*** Opening of Recorded data ***

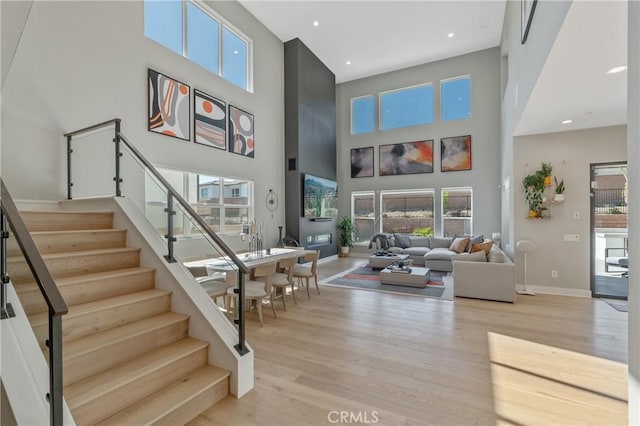 living area with a high ceiling, light wood-style floors, stairway, healthy amount of natural light, and recessed lighting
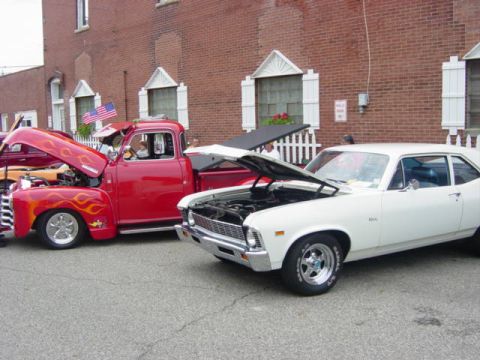 1995 Ford Probe - A white coupe and a red truck with flames are displayed at a car show.
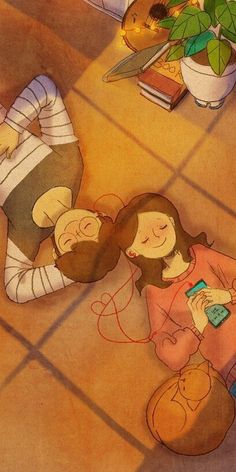 two people laying on the floor next to a potted plant and a cell phone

*** Close of Recorded data ***

### Exercise
The complete material, set down exactly and stripped of pictures, is the expected response.

### Result below
 living area with a high ceiling, light wood-style floors, stairway, healthy amount of natural light, and recessed lighting
 1995 Ford Probe - A white coupe and a red truck with flames are displayed at a car show.
 two people laying on the floor next to a potted plant and a cell phone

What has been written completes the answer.